Em 2019, 98,8% da população do Rio Grande do Sul tinha acesso a alguma fonte segura de abastecimento de água com uma frequência mínima de quatro dias da semana, enquanto 70,1% residia em domicílio com esgoto conectado a rede geral de coleta, rede pluvial ou fossa séptica ligada à rede.

Os dados estão incluídos no estudo “Disponibilidade e manejo sustentável da água e saneamento no RS”, produzido pelo DEE (Departamento de Economia e Estatística), vinculado à SPGG (Secretaria de Planejamento, Governança e Gestão), e divulgado nesta segunda-feira (27).

A publicação dá sequência às pesquisas do departamento destinadas a monitorar a situação do Estado em relação aos ODSs (Objetivos de Desenvolvimento Sustentável), estabelecidos pela ONU (Organização das Nações Unidas).

Entre os 17 objetivos, o ODS 6 trata sobre “Assegurar a disponibilidade e a gestão sustentável da água e o saneamento para todas e todos”. A partir do objetivo, foram estabelecidas pela ONU oito metas para analisar o acesso da população à água potável de qualidade e de fontes seguras e ao esgotamento sanitário.
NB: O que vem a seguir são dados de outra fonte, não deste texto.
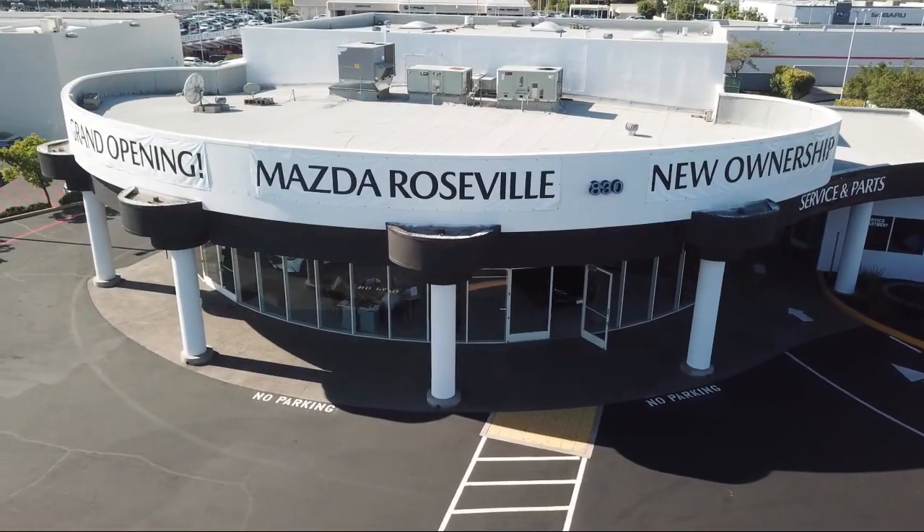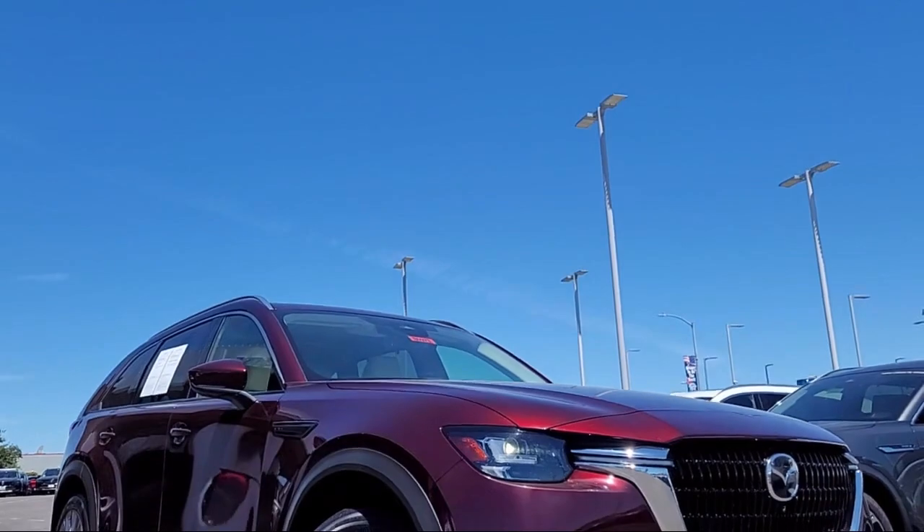Welcome to Mazda Roseville, and here's a look at another one of our great vehicles from our inventory.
O estudo relativo ao ano de 2019, elaborado pela pesquisadora Mariana Lisboa Pessoa, conta com diversas fontes, em especial os dados da Pesquisa Nacional por Amostra de Domicílios.

“Este ano não contamos com os indicadores propostos pelo Ipea [Instituto de Pesquisa Econômica Aplicada] para acompanhamento do ODS, por falta de bases de dados atualizadas. Assim, contamos com dados alternativos para fazer a análise da evolução da situação do saneamento no Estado e no país”, explica Mariana.

Os dados de abastecimento por fonte segura de água do Rio Grande do Sul colocam o Estado na sexta posição no ranking do País, atrás de Distrito Federal, Piauí, Tocantins, Minas Gerais e Goiás, sendo o indicador nacional de 93,2% no ano analisado.

Quando considerado apenas o fornecimento de água pela rede geral de abastecimento, o percentual de moradores do Rio Grande do Sul com acesso era de 88% em 2019, uma queda em relação aos 89,8% verificados em 2018. Em 2019, 11,8% dos gaúchos tinham acesso a água por outras formas de abastecimento, como poço profundo ou artesiano (8,1%) e outras fontes (3,7%).

Em relação ao saneamento, o percentual da população gaúcha com esgoto conectado a rede geral de coleta, rede pluvial ou fossa séptica ligada à rede colocava o Estado na sétima posição do ranking nacional. No Brasil, o percentual de acesso da população chegava a 66,3%. Quanto à existência de banheiros nos domicílios, 99,8% das casas no Rio Grande do Sul tinham um, o que deixa o Estado na nona posição no país.

Na questão do tratamento de esgoto, 25,9% da população do Rio Grande do Sul residia em domicílio com acesso ao serviço, enquanto no Brasil o percentual chegava a 49,1%. O estudo do DEE/SPGG ainda mostra que a taxa de incidência de internações hospitalares no Sistema Único de Saúde relacionadas à falta de saneamento foi de 7,14 por 10 mil habitantes, enquanto no Brasil a taxa era de 13,01.

“Os indicadores de 2019 apresentam uma variação sutil em relação aos anos anteriores. Uma explicação para esse movimento é que os indicadores relacionados a saneamento dependem de obras de infraestrutura de grande porte, de execução demorada, para refletir em melhorias nos números”, destaca Mariana.